> [TASK TO CARRY OUT]
Your task is to reproduce exactly the lines from the line with "Sensuelle 60sx Amp Silicone Bullet Coral Sensuelle" through the end of the records below.

> [MATERIAL FOR THIS TASK]
□ □ □ □

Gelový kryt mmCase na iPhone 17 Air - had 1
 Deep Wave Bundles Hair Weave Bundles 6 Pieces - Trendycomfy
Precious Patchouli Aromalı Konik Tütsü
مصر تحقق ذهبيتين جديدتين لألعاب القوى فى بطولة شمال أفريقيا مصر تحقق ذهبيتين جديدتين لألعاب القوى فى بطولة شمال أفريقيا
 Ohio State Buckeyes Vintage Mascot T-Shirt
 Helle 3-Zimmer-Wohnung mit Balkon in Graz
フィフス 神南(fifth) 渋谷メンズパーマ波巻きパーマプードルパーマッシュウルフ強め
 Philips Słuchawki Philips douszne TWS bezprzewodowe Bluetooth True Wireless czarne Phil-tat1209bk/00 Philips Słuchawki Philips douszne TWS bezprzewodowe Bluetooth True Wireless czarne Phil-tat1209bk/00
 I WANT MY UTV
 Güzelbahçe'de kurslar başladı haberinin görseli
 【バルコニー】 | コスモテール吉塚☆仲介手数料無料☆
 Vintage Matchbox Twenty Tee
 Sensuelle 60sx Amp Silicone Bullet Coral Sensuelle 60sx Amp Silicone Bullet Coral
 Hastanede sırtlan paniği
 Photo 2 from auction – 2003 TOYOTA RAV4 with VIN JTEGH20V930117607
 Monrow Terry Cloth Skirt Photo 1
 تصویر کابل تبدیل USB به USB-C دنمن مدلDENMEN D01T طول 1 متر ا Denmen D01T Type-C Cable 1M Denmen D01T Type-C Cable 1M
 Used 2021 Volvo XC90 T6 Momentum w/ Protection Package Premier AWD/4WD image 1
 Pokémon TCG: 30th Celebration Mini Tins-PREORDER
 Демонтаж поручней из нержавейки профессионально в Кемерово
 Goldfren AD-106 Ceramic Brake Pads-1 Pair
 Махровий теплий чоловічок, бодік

□ □ □ □

> [SOLUTION]
 Sensuelle 60sx Amp Silicone Bullet Coral Sensuelle 60sx Amp Silicone Bullet Coral
 Hastanede sırtlan paniği
 Photo 2 from auction – 2003 TOYOTA RAV4 with VIN JTEGH20V930117607
 Monrow Terry Cloth Skirt Photo 1
 تصویر کابل تبدیل USB به USB-C دنمن مدلDENMEN D01T طول 1 متر ا Denmen D01T Type-C Cable 1M Denmen D01T Type-C Cable 1M
 Used 2021 Volvo XC90 T6 Momentum w/ Protection Package Premier AWD/4WD image 1
 Pokémon TCG: 30th Celebration Mini Tins-PREORDER
 Демонтаж поручней из нержавейки профессионально в Кемерово
 Goldfren AD-106 Ceramic Brake Pads-1 Pair
 Махровий теплий чоловічок, бодік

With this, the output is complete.